The Nunavut Planning Commission released its updated land-use proposal Thursday after years of consultation and earlier drafts.
The plan, which covers 2.1 million square kilometres of land and water, is to determine which parts of the territory are open to resource extraction, which parts require protection and which parts are off-limits.
The plan is also a legal requirement under the Nunavut Land Claims Agreement between Nunavut and the Crown, which laid the groundwork for the creation of the territory.
Earlier drafts of the plan, which has been in the works since 2007, were released in 2012, 2014 and 2016. The commission says the new draft plan was developed through consultations with all 25 Nunavut communities, hunting and trapping organizations, and Inuit organizations.
The plan acts as a guide to where resource extraction is allowed, dividing the Nunavut Settlement Area into three parts: limited use areas, conditional use areas, and mixed-use areas.
Limited use areas make up about 22 per cent of the Nunavut Settlement Area and have the tightest restrictions, including year-round prohibition on one or more types of land use.
Wildlife harvesting is exempt from the plan and will be dealt with through the Nunavut Wildlife Management Board, the commission said. Inuit harvesting rights are not affected by the plan.
Conditional use areas cover nine per cent of the settlement area and include seasonal prohibitions on land.
Mixed-use areas make up 65 per cent of the area and “have been identified for their potential to support a variety of land uses,” according to the commission. There are no prohibitions on land use in those areas.
Limited use areas also support Canada’s proposed national marine conversation areas.

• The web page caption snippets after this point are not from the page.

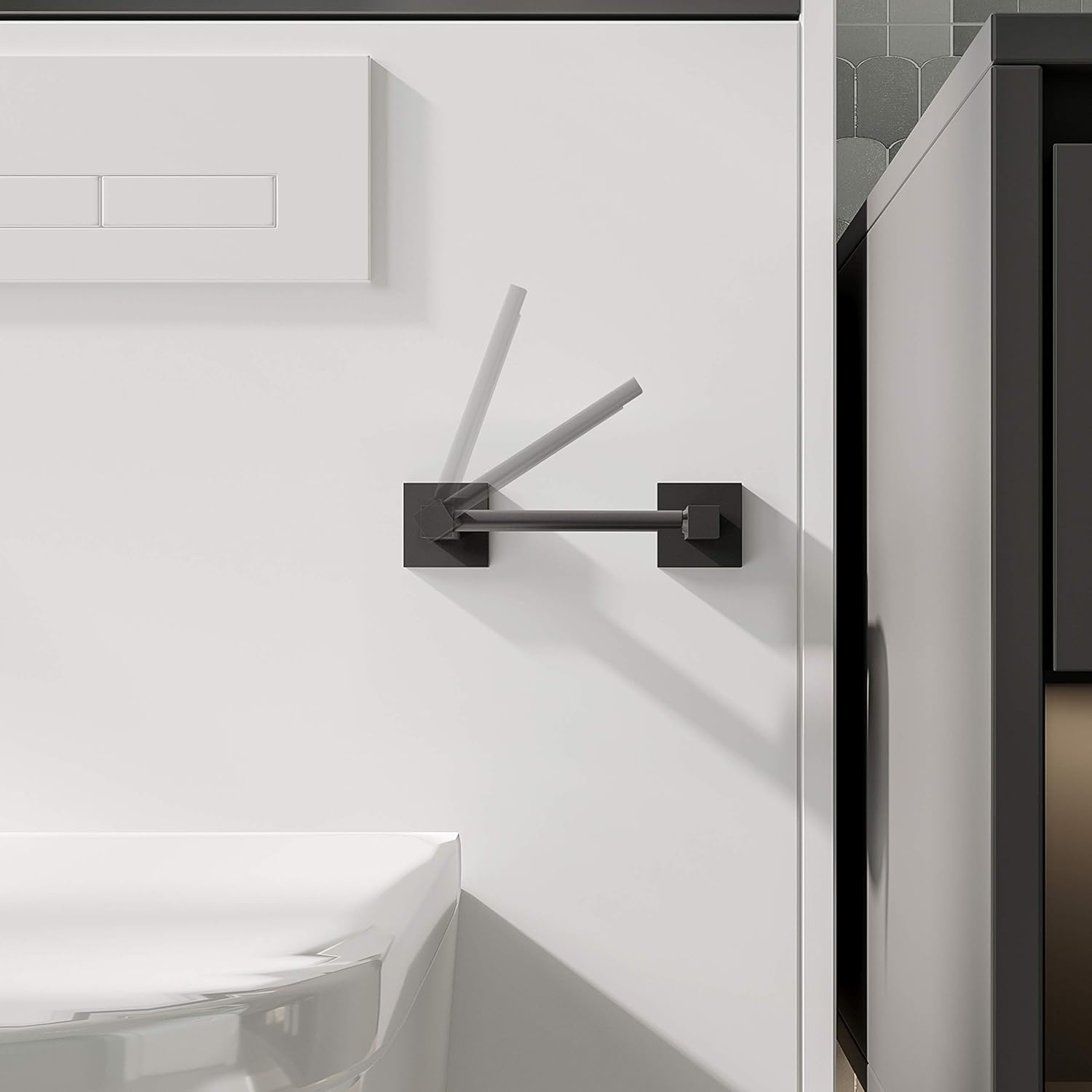 Ruacq Toilet Paper Holder - Matte Black Double Post Pivoting Design | Modern Wall-Mounted Tissue Holder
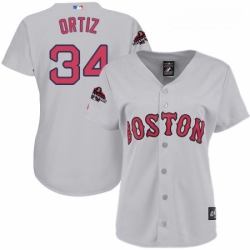 Womens Majestic Boston Red Sox 34 David Ortiz Authentic Grey 2018 World Series Champions MLB Jersey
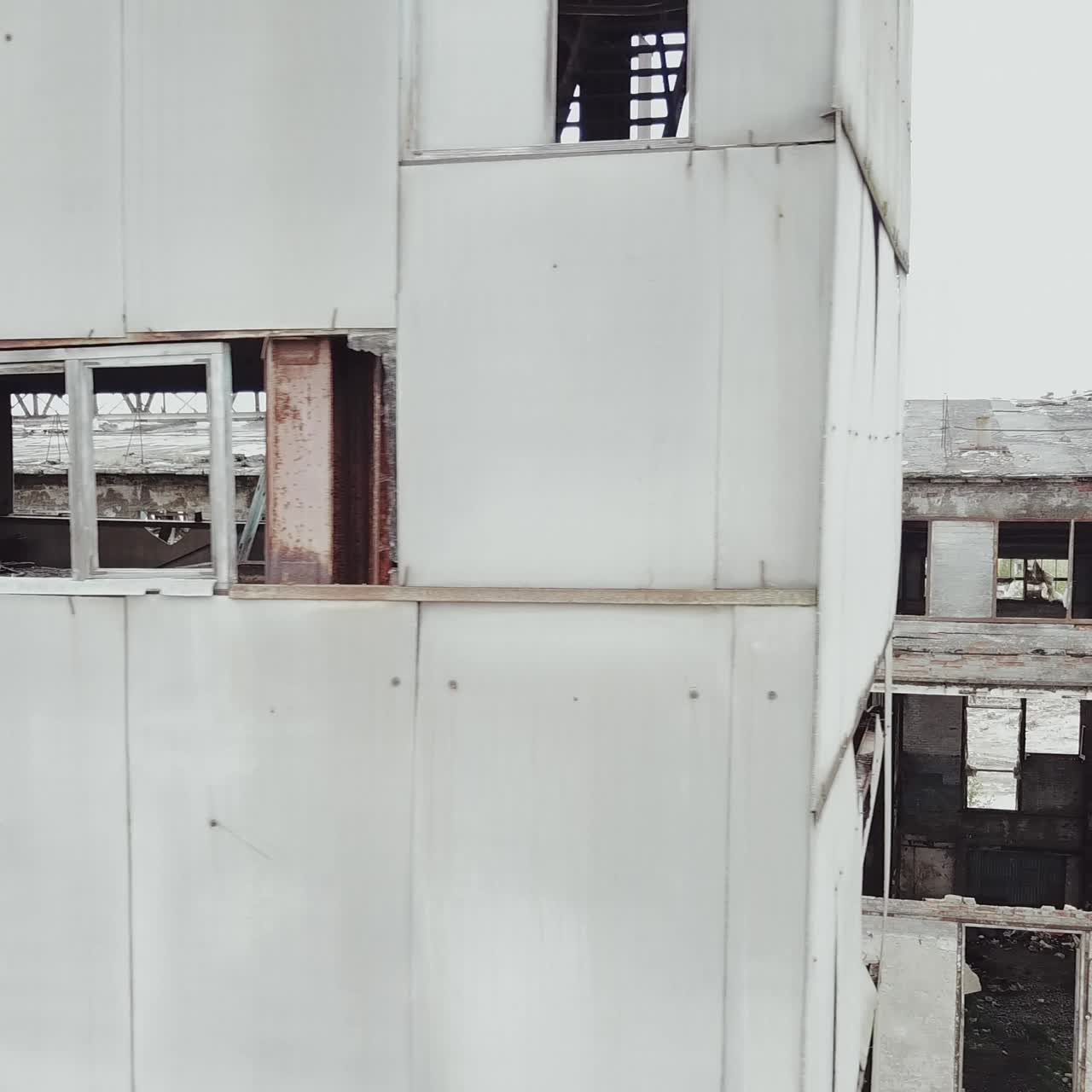 Abandoned chemical plant. Old industrial building for demolition. Aerial view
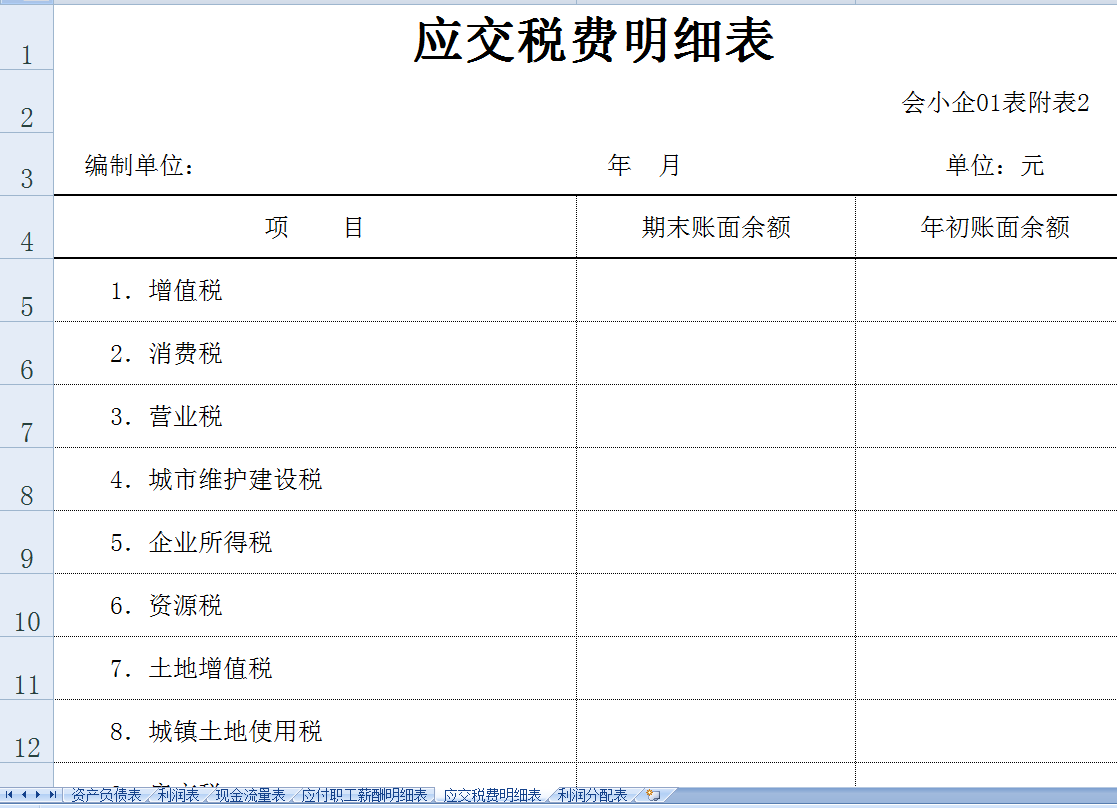 分享小企业准则财务报表模板！包括资产、利润、现金流量表等！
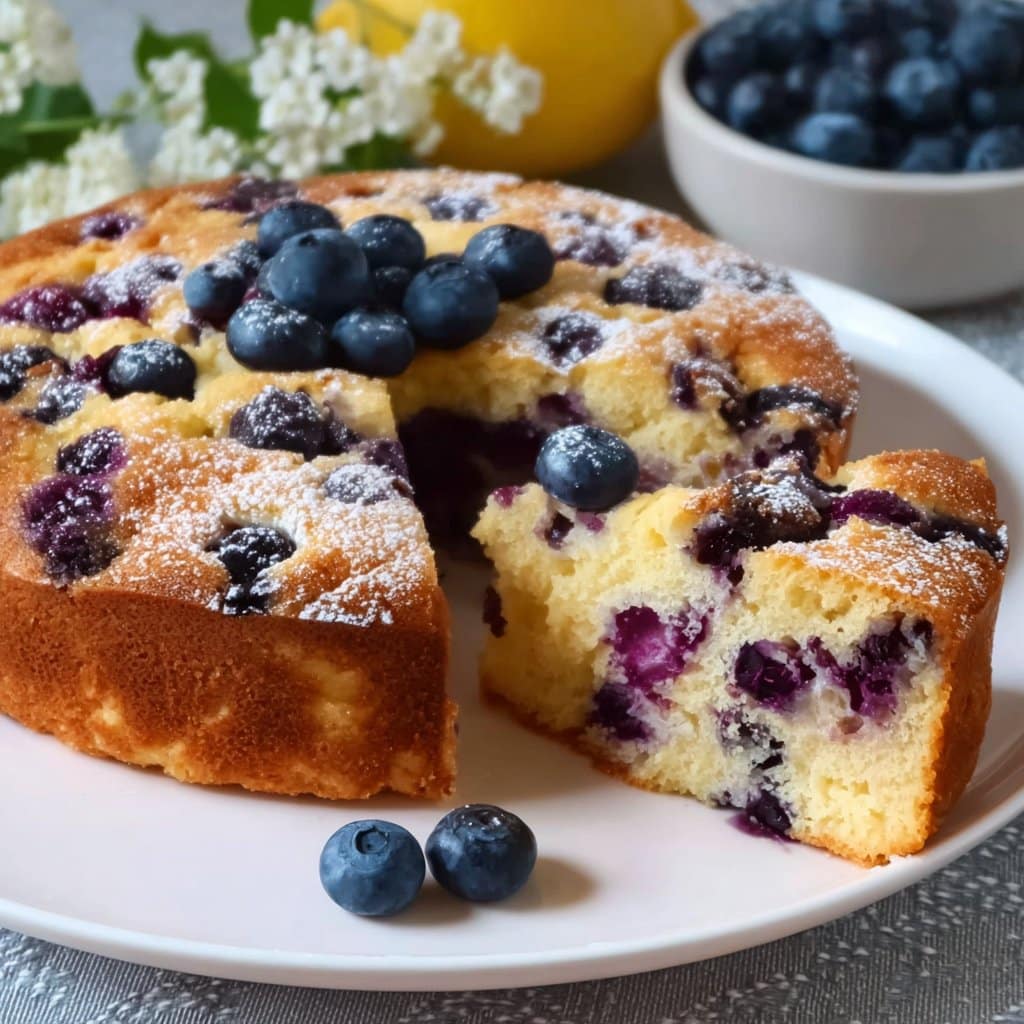 Lemon Blueberry Ricotta Tea Cake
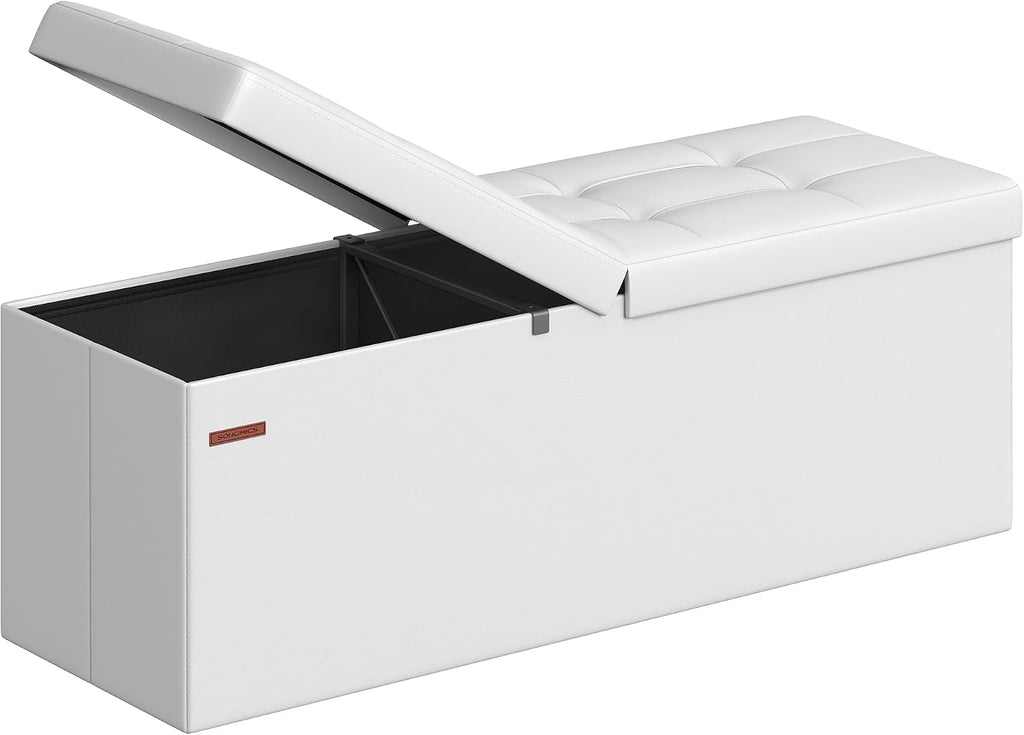 SONGMICS 43.3 Inches Folding Storage Ottoman Bench with Flipping Lid | Storage Chest Footrest Padded Seat, Iron Frame Support, Cloud White and Ink Black, MINOTA Collection ULSF75WT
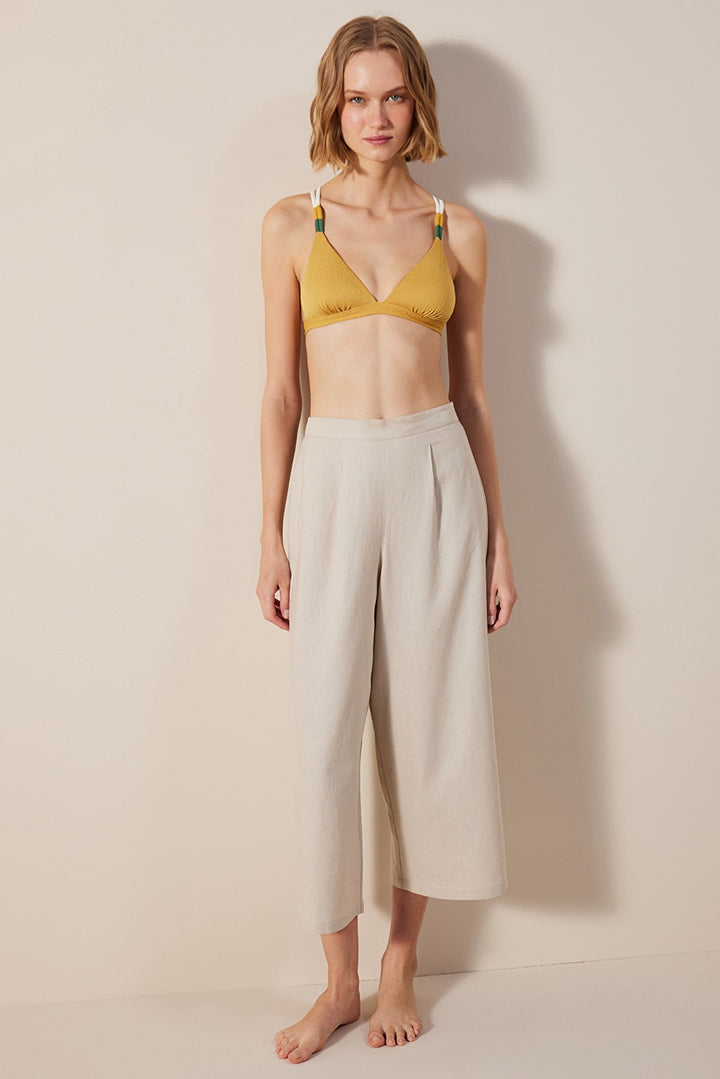 Linen Lena Stone Color Trousers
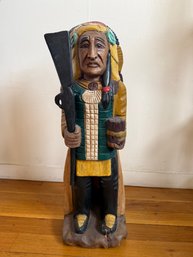 WOOD-CARVED NATIVE AMERICAN FIGURE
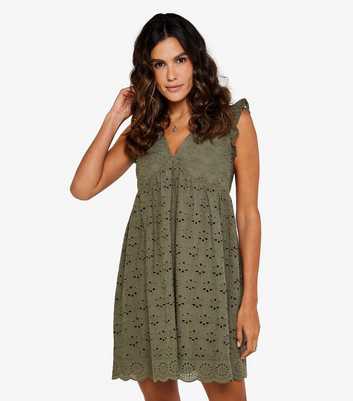 Apricot Olive Broderie Anglaise Mini Dress
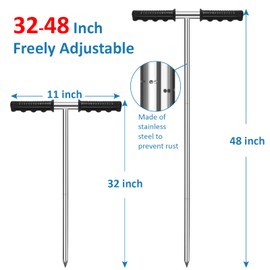 GADFISH Stainless Steel Soil Probe Rod,32-48 Inch Hight Adjustable Ground Rod Tool with T-Handle for Locating Septic Tanks,Underground Pipes,Water Lines,Graves and Gopher Runs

For example, the areas around Tallurutiup Imanga (Lancaster Sound) is a limited use area under the proposed plan. That means things like resource exploration and production and infrastructure development is banned.
The plan also outlines guidance to developers on land use, including where and when projects will be allowed and under what conditions.
Existing rights held by companies working in Nunavut, such as mining companies, are not affected by the new plan.
Communities in all three regions of Nunavut must now review the plan through public hearings and provide feedback to the commission. In order for the plan to become legally binding, it also needs to be reviewed and approved by the federal government, the Nunavut government and the Nunavut land claims organization Nunavut Tunngavik Inc.
The commission received additional funding from the federal government to hold regional public hearings in Nunavut’s Kivalliq region and Kitikmeot regions in November 2021. It also plans to hold public hearings in the Baffin region next year, pending more federal funding.
The commission says it plans to submit the final draft plan for approval by March 31, 2022.